Σ_y: "<block-diagonal or sparse>" # includes sync blocks when merged

references:

- "EFT.WP.Core.Equations v1.1:Ch.2 S20-*"

- "EFT.WP.Core.Metrology v1.0:Ch.1–3,5"

VIII. Implementation Bindings (Interface Prototypes)

• I6-1 estimate_clock(sync_obs) -> {b_t, dot_b_t, cov}
• I6-2 calibrate_asymmetry(path_logs, env) -> {b_asym_model, ci}
• I6-3 fuse_sync_sources(gnss, ptp, twr, priors) -> {post, cov}
• I6-4 propagate_sync_cov(cov_clock, channels) -> {Σ_y_updated}
• I6-5 holdover_predict(clock_state, horizon) -> {pred_state, pred_cov}

IX. Quality Gates (This Chapter)

• Q1 Convention consistency: wherever T_arr/TOA/TDOA/FOA/CarrierPhase appears, the dataset must include convention/delta_form/gamma(ell)/d_ell.
• Q2 Units & dimensions: SI columns for s/Hz complete; all expressions pass check_dim.
• Q3 Covariance integration: sync priors and link-asymmetry corrections must update the corresponding blocks of Σ_y.
• Q4 Robustness: for PTP asymmetry/congestion, provide intervals for b_asym and a “degraded mode”; on GNSS loss, enter holdover and tag validity.
• Q5 Traceability: retain raw and corrected timestamps, source identifiers, and time-base lineage for audit.

X. Cross-Volume References & Anchors (This Chapter)

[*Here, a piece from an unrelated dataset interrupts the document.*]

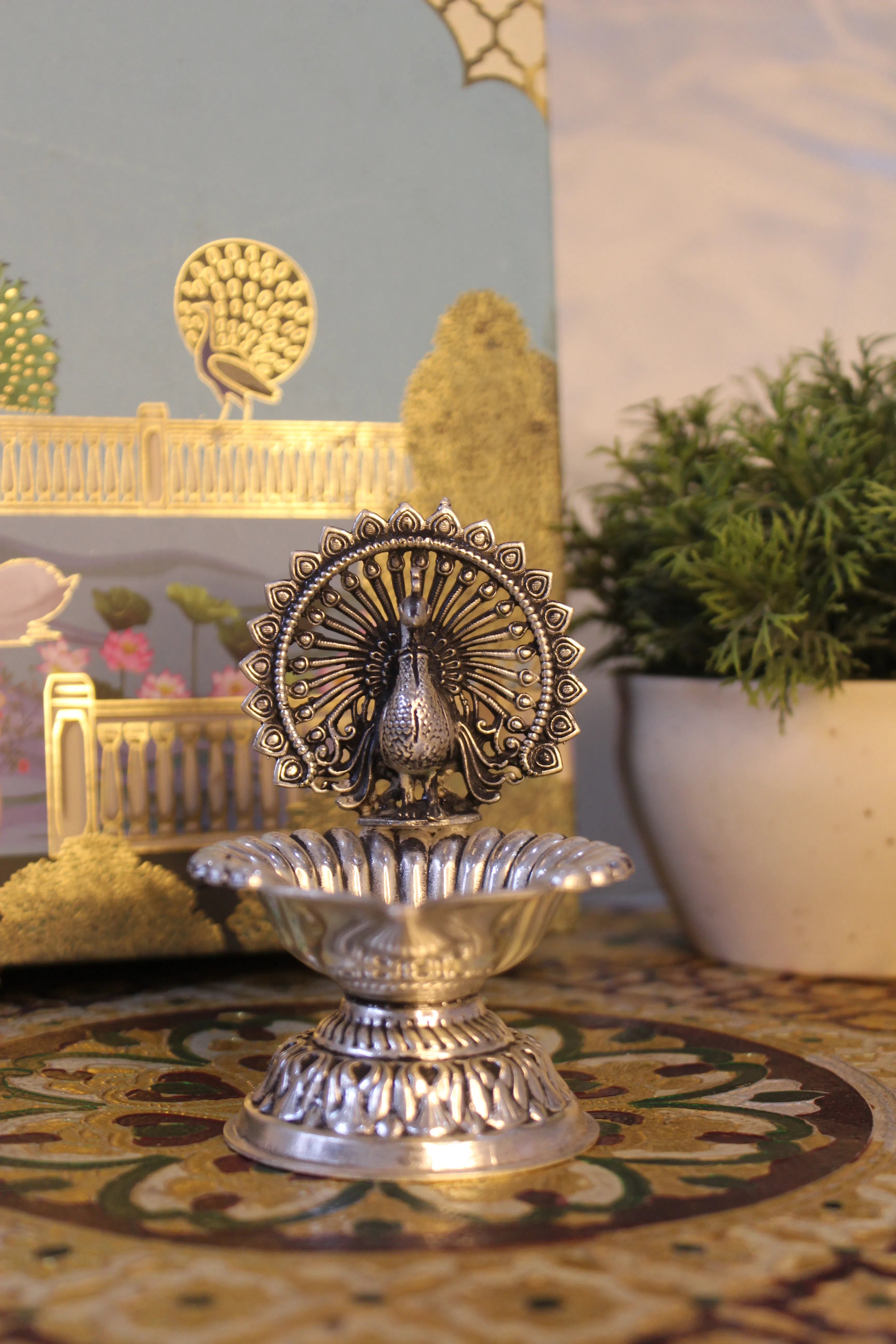 999 Silver-Polish Brass Peacock Diya | Decorative Pooja Oil Lamp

1. Cross-volume (fixed style): this volume Ch. 2 (metrology baseline), Ch. 3 (path/arrival/frequency), Ch. 4 (observation models); EFT.WP.Core.Metrology v1.0 Ch.1–3,5 (units/uncertainty); EFT.WP.Core.Equations v1.1 Ch.2 S20-* (two T_arr conventions and path/measure declarations).
2. Anchors in this chapter:
   • Minimal statements: S60-1—S60-16
   • Workflows: M6-1—M6-3
   • Interfaces: I6-1—I6-5

XI. Summary
Starting from clock states and frequency stability, this chapter systematizes GNSS/network/PTP and UWB-TWR synchronization mechanisms and rigorously maps their errors into TOA/TDOA/FOA/CarrierPhase variances and covariance structure. With data contracts and interfaces, sync priors can be distributed, link asymmetry corrected, and Chapter 8 fusion and Chapter 10 measurement-matrix/design consume these inputs directly.